Colonel MASON contended strenuously for the motion. There was no weight, he said, in the argument drawn from changes in the value of the metals, because this might be provided for by an increase of salaries, so made as not to affect persons in office; — and this was the only argument on which much stress seemed to have been laid.
General PINCKNEY. The importance of the Judiciary will require men of the first talents: large salaries will therefore be necessary; larger than the United States can afford, in the first instance. He was not satisfied with the expedient mentioned by Colonel MASON. He did not think it would have a good effect, or a good appearance, for new Judges to come in with higher salaries than the old ones.
Mr. GOUVERNEUR MORRIS said the expedient might be evaded, and therefore amounted to nothing. Judges might resign, and then be reappointed to increased salaries.
On the question, —
Virginia, aye, — 1; New Hampshire, Connecticut, Pennsylvania, Delaware, South Carolina, no, — 5; Maryland, divided; Massachusetts, New Jersey, North Carolina, Georgia, absent.

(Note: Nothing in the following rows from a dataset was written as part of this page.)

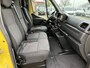 Renault Master T28 2.3 dCi 135 L1H1 Airco Cruise controle Trekhaak 2500kg trekgewicht Achteruitrijcamera Schuifdeur 3-Persoons Euro 6 Navigatiesysteem Telefoonverbinding 1e eigenaar
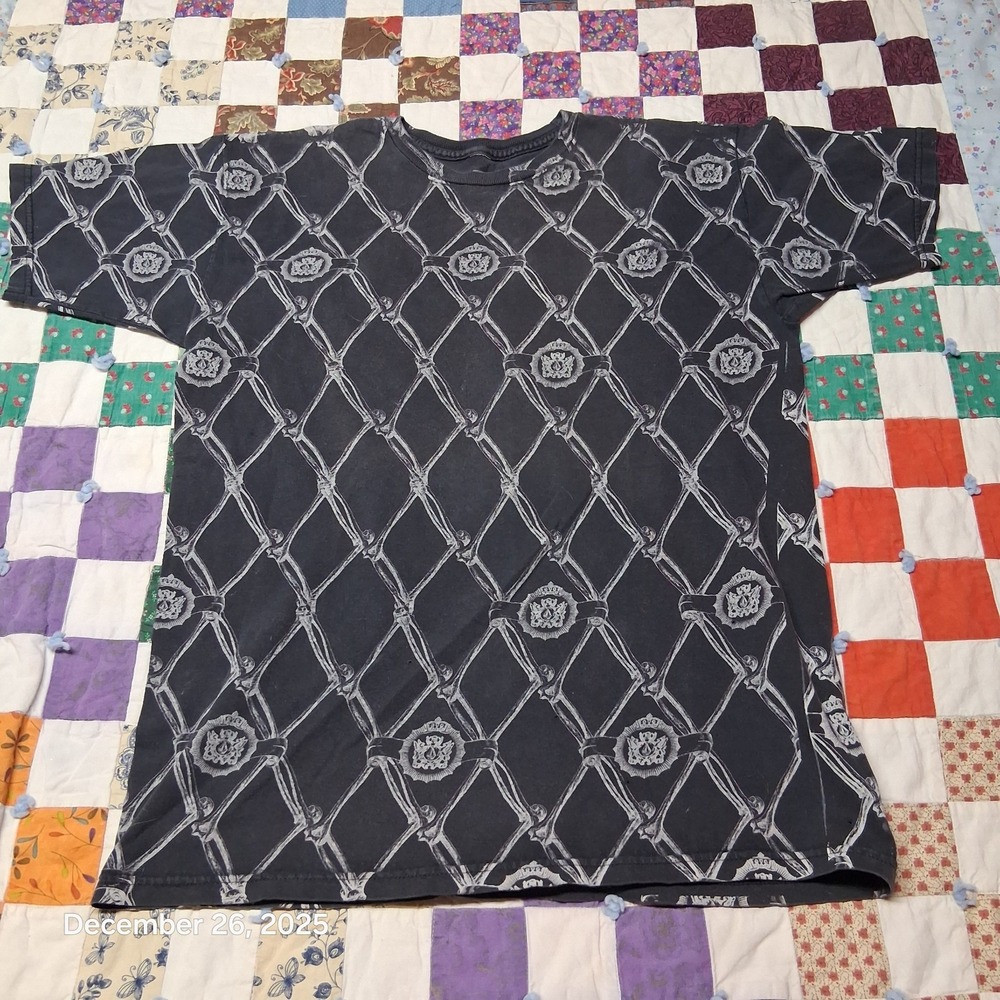 Volcom Featured Artist Holiday 2007 Collection Facets of an Empire Sz Medium AOP
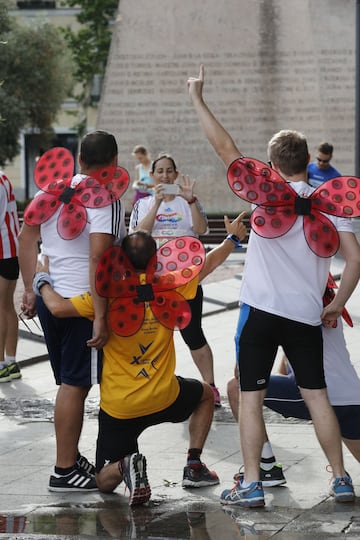 Varios participantes momentos antes del inicio de la "Carrera por la Diversidad", prueba organizada por primera vez con motivo de la celebración del Worldpride en Madrid.  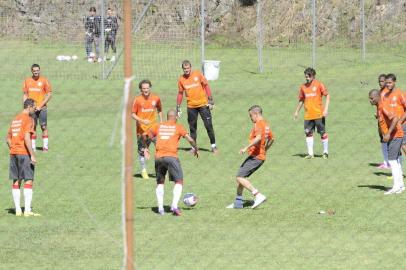  

CAXIAS DO SUL, RS, BRASIL (23/02/2013) Inter no Treino Fechado. Sob o comando de Dunga, Inter realiza treino fechado no estádio Centenário, em Caxias do Sul. Ao centro, Forlán e D' Alessandro. (Roni Rigon/Pioneiro)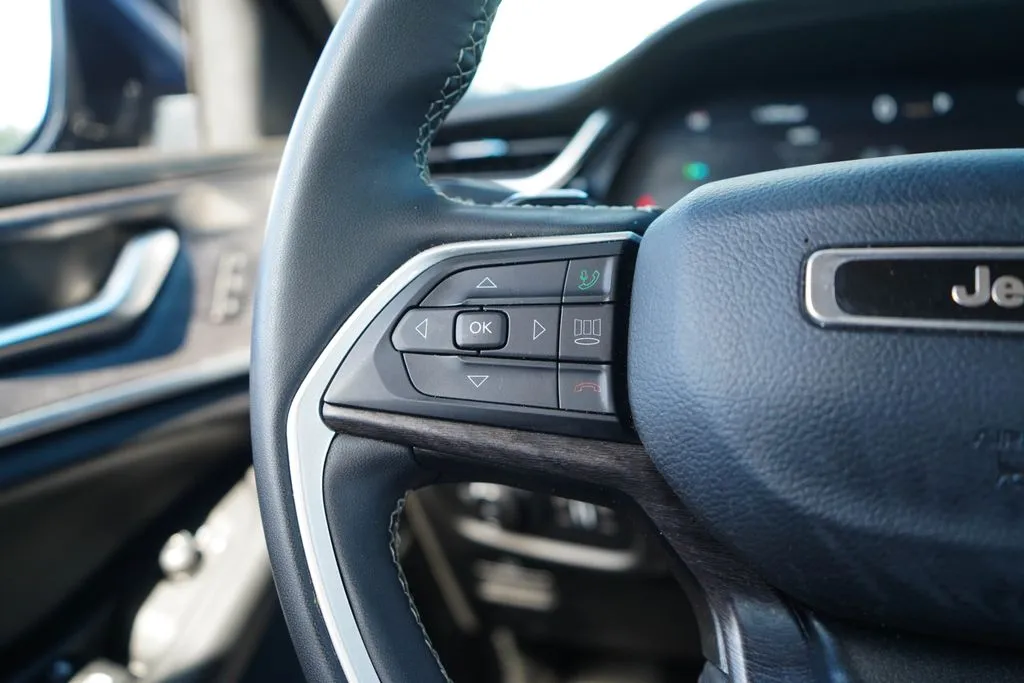 Jeep Grand Cherokee photo 29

Mr. RANDOLPH and Mr. MADISON then moved to add the following words to Article 11, Section 2: “nor increased by any act of the legislature which shall operate before the expiration of three years after the passing thereof.”
On the question, — Maryland, Virginia, aye, — 2; New Hampshire, Connecticut, Pennsylvania, Delaware, South Carolina, no, — 5; Massachusetts, New Jersey, North Carolina, Georgia, absent.

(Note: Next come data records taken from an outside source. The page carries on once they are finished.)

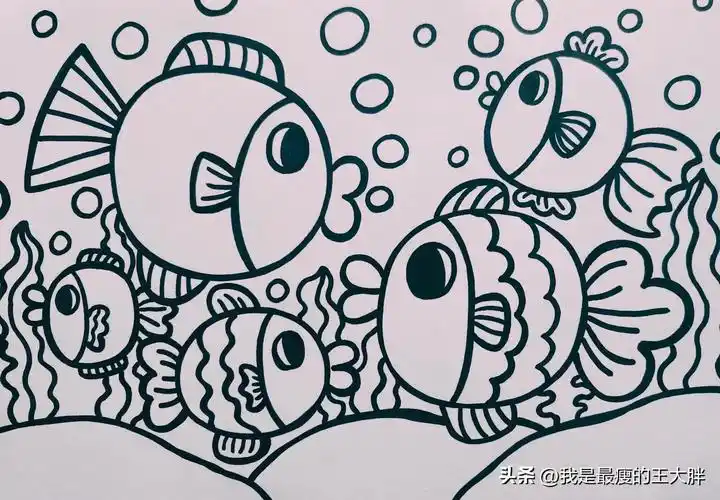 换用简笔画一幅简笔的海底世界
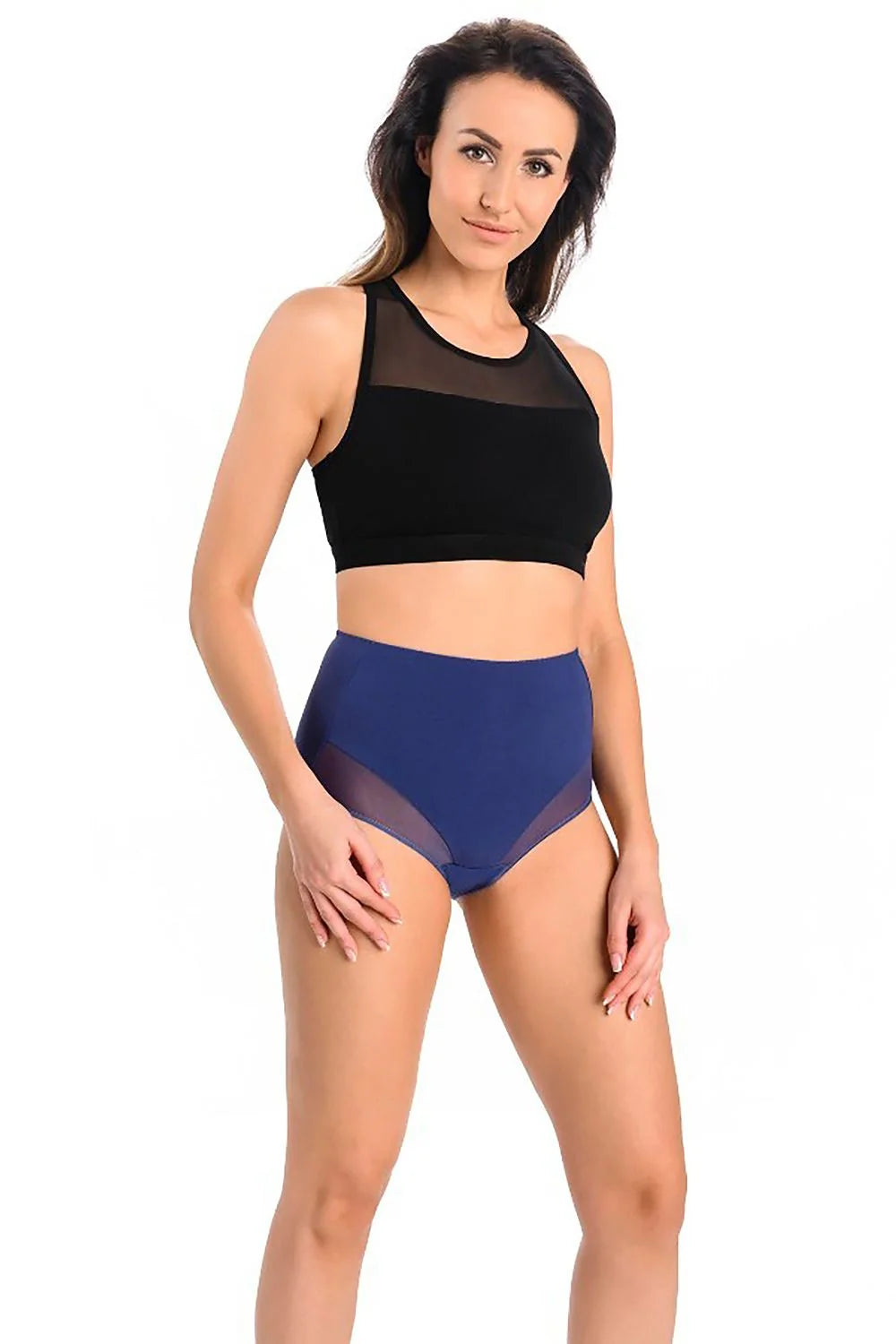 Tenue sportive moderne pour femme en tissu synthétique stretch avec haut sans manches tank top en maille noire et shorty taille haute en mesh bleu marine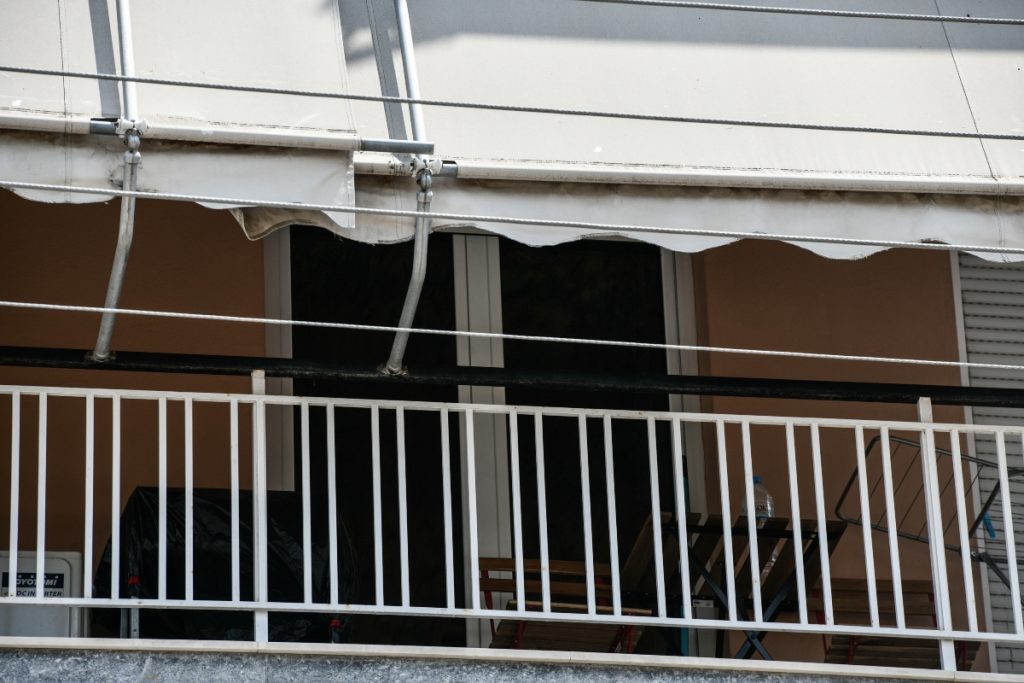 Γυναικοκτονία στο Περιστέρι: Ασφυκτικός ο θάνατος της 17χρονης – Συχνό φαινόμενο οι καυγάδες ανάμεσα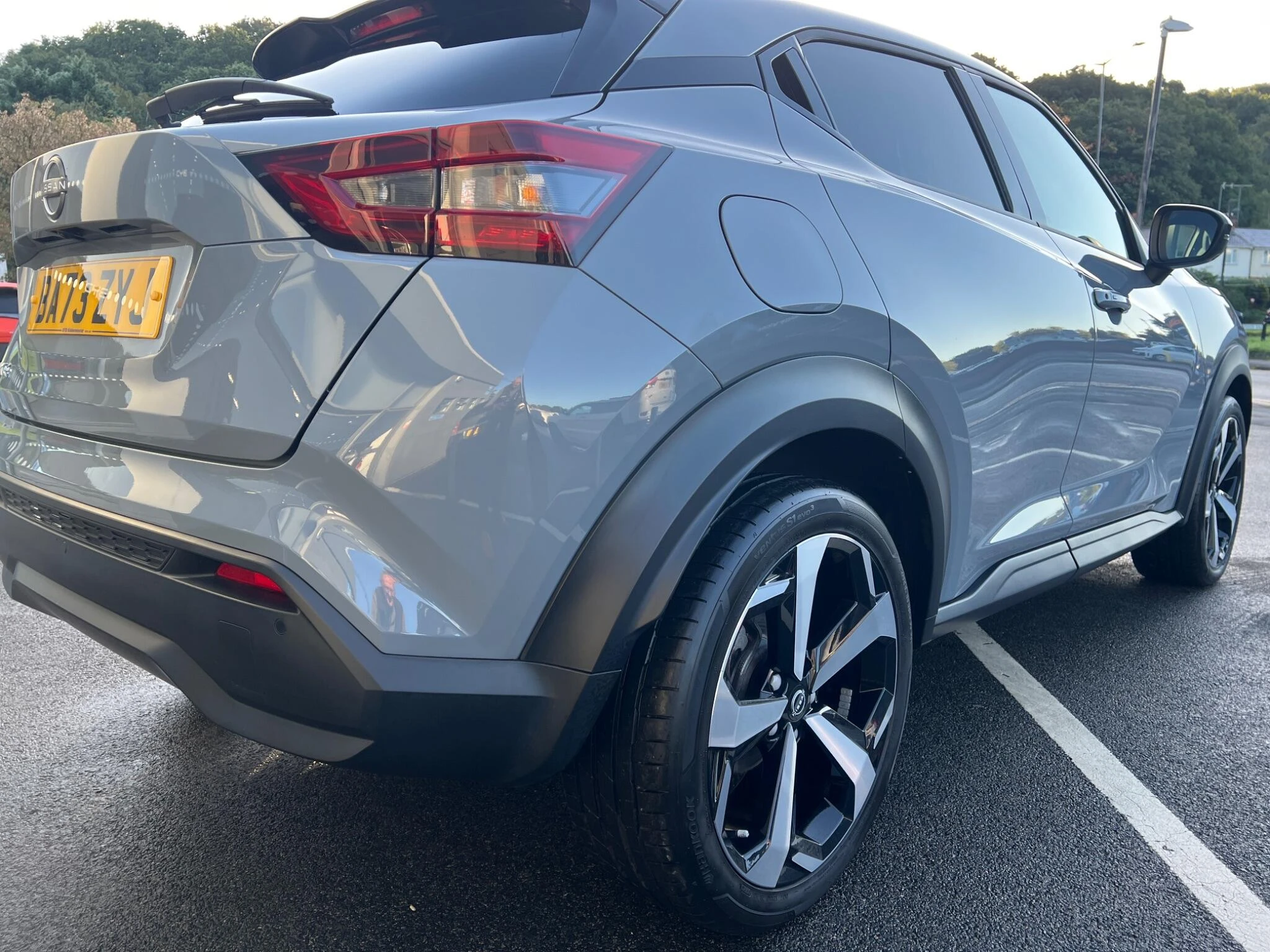 Vehicle image 15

Article 11, Section 3, being taken up, the following clause was post poned, viz.: “to the trial of impeachments of officers of the United States;” by which the jurisdiction of the Supreme Court was extended to such cases.
Mr. MADISON and Mr. GOUVERNEUR MORRIS moved to insert, after the word “controversies,” the words, “to which the United States shall be a party;” which was agreed to, nem. con.

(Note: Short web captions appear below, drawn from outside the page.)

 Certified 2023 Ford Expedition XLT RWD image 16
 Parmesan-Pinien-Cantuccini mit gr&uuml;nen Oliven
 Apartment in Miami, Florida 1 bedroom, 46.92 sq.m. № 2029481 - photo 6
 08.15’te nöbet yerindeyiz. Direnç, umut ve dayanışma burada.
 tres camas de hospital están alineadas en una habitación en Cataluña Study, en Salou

Doctor JOHNSON moved to insert the words, “this Constitution and the,” before the word “laws.”
Mr. MADISON doubted whether it was not going too far, to extend the jurisdiction of the Court generally to cases arising under the Constitution, and whether it ought not to be limited to cases of a judiciary nature. The right of expounding the Constitution, in cases not of this nature, ought not to be given to that department.
The motion of Doctor Johnson was agreed to, nem. con., it being generally supposed, that the jurisdiction given was constructively limited to cases of a judiciary nature.
On motion of Mr. RUTLEDGE, the words, “passed by the Legislature,” were struck out; and after the words, “United States,” were inserted, nem. con., the words, “and treaties made or which shall be made under their authority,” conformably to a preceding amendment in another place.
The clause, “in cases of impeachment,” was postponed.
Mr. GOUVERNEUR MORRIS wished to know what was meant by the words, “In all the cases before mentioned it [jurisdiction] shall be appellate, with such exceptions, &c.”, — whether it extended to matters of fact as well as law, — and to cases of common law, as well as civil law.
Mr. WILSON. The Committee, he believed, meant facts as well as law, and common as well as civil law. The jurisdiction of the Federal court of appeals had, he said, been so construed.
Mr. DICKINSON moved to add, after the word “appellate,” the words, “both as to law and fact;” which was agreed to, nem. con.
Mr. MADISON and Mr. GOUVERNEUR MORRIS moved to strike out the beginning of the third section, “The jurisdiction of the Supreme Court,” and to insert the words, “the Judicial power,” which was agreed to, nem. con.
The following motion was disagreed to, to wit, to insert, “In all the other cases beforementioned, the judicial power shall be exercised in such manner as the Legislature shall direct.”
Delaware, Virginia, aye, — 2; New Hampshire, Connecticut, Pennsylvania, Maryland, South Carolina, Georgia, no, — 6.
On a question for striking out the last sentence of the third Section. “The Legislature may assign, &c.” it passed, nem. con.
Mr. SHERMAN moved to insert, after the words, “between citizens of different States,” the words, “between citizens of the same State claiming lands under grants of different states,” — according to the provision in the 9th Article of the Confederation; which was agreed to, nem. con.